» **AVAILABLE RECORDS**:
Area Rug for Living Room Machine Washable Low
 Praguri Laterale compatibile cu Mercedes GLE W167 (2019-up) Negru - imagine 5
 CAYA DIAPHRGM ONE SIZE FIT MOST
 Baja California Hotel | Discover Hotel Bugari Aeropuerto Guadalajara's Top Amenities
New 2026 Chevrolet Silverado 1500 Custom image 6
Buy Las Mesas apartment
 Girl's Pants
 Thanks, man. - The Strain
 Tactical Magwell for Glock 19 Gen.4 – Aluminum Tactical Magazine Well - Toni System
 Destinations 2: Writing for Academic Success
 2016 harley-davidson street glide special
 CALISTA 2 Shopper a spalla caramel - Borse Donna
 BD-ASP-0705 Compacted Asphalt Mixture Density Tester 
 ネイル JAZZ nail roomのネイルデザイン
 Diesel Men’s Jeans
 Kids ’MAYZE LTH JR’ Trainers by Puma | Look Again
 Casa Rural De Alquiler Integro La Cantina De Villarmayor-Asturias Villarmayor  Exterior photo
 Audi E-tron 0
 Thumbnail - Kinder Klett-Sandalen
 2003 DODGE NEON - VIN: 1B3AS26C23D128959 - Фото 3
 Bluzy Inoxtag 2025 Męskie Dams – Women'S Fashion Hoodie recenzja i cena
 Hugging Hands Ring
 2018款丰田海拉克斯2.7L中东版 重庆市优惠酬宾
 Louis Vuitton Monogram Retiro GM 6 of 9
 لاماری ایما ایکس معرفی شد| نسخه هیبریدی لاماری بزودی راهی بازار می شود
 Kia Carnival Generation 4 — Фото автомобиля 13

» **TASK INSTRUCTIONS**:
Your reply should hold only the lines from the first line of the records through the one with "Girl's Pants", reproduced word for word.

» **RESPONSE TO THE TASK**:
Area Rug for Living Room Machine Washable Low
 Praguri Laterale compatibile cu Mercedes GLE W167 (2019-up) Negru - imagine 5
 CAYA DIAPHRGM ONE SIZE FIT MOST
 Baja California Hotel | Discover Hotel Bugari Aeropuerto Guadalajara's Top Amenities
New 2026 Chevrolet Silverado 1500 Custom image 6
Buy Las Mesas apartment
 Girl's Pants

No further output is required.